> _Work request_
A faithful transcription of all the data, images excluded, is the required answer.

> _Dataset records_
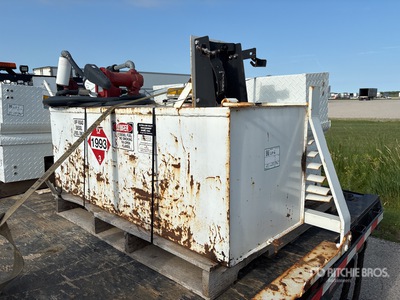 (1) Weston Headache Rack, (2) Weatherguard toolboxes, (1) 100-gallon Fuel tank w/pump Varios implementos camion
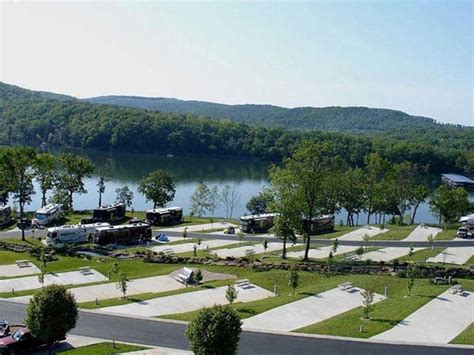 OZARKS RV RESORT ON TABLE ROCK LAKE at BLUE EYE AR | Luxury rv resorts ...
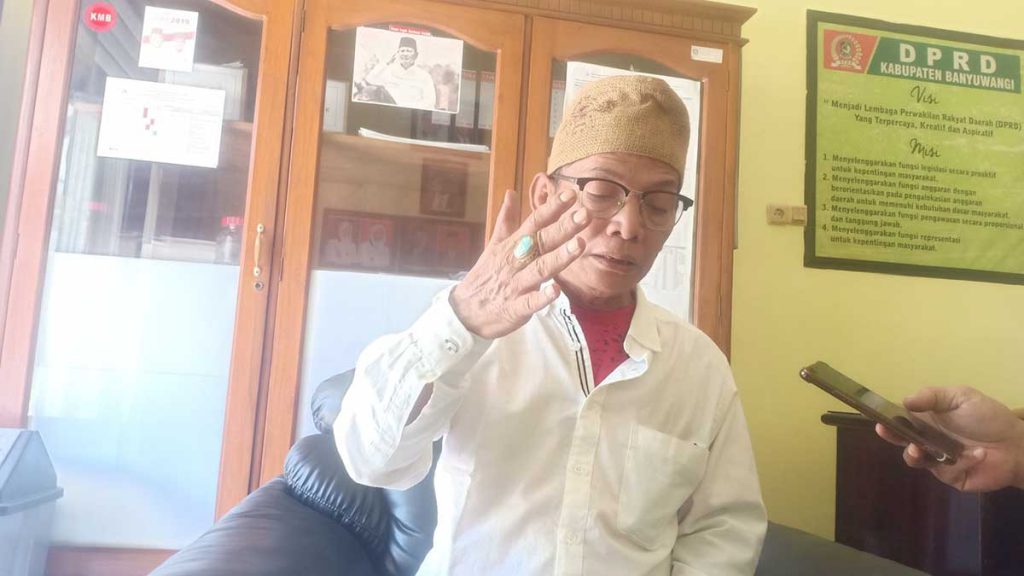 Ketua Pansus Kapal LCT Sritanjung, H. Noval (Foto: Aras Sugiarto Memo-X) - LCT Kapal Sritanjung Jadi Barang Rongsokan Dan Disoal Ormas, Pansus Kapal Sritanjung DPRD Banyuwangi Beberkan 5 Rekomendasi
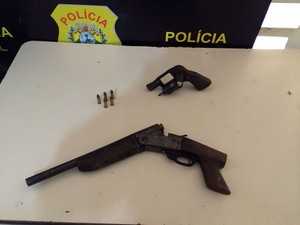 Armas foram apreendidas pela polícia (Foto: Divulgação DAPC)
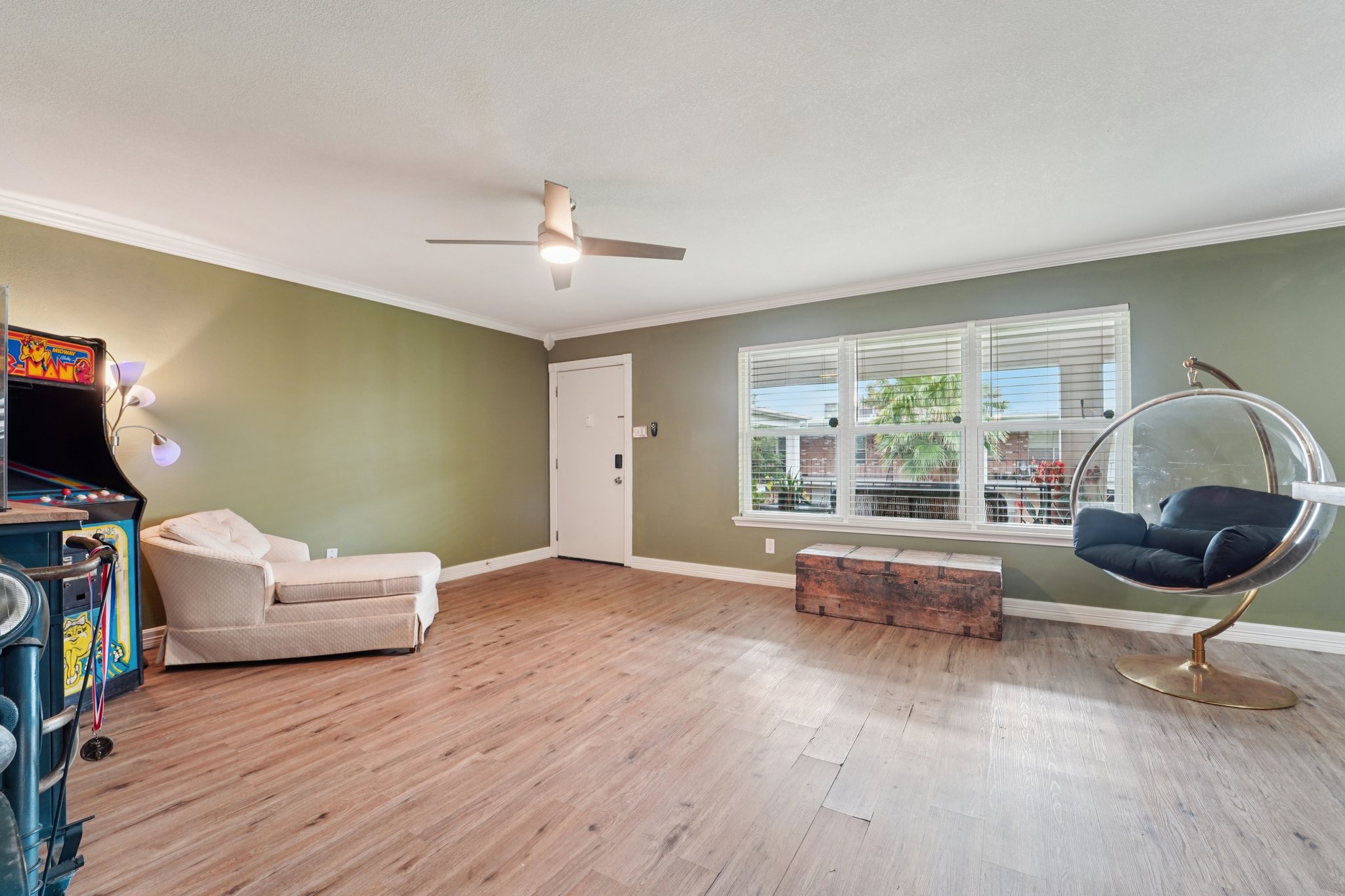 Nasa Pkwy-S1412-011.jpg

> _Response area_
 (1) Weston Headache Rack, (2) Weatherguard toolboxes, (1) 100-gallon Fuel tank w/pump Varios implementos camion
 OZARKS RV RESORT ON TABLE ROCK LAKE at BLUE EYE AR | Luxury rv resorts ...
 Ketua Pansus Kapal LCT Sritanjung, H. Noval (Foto: Aras Sugiarto Memo-X) - LCT Kapal Sritanjung Jadi Barang Rongsokan Dan Disoal Ormas, Pansus Kapal Sritanjung DPRD Banyuwangi Beberkan 5 Rekomendasi
 Armas foram apreendidas pela polícia (Foto: Divulgação DAPC)
 Nasa Pkwy-S1412-011.jpg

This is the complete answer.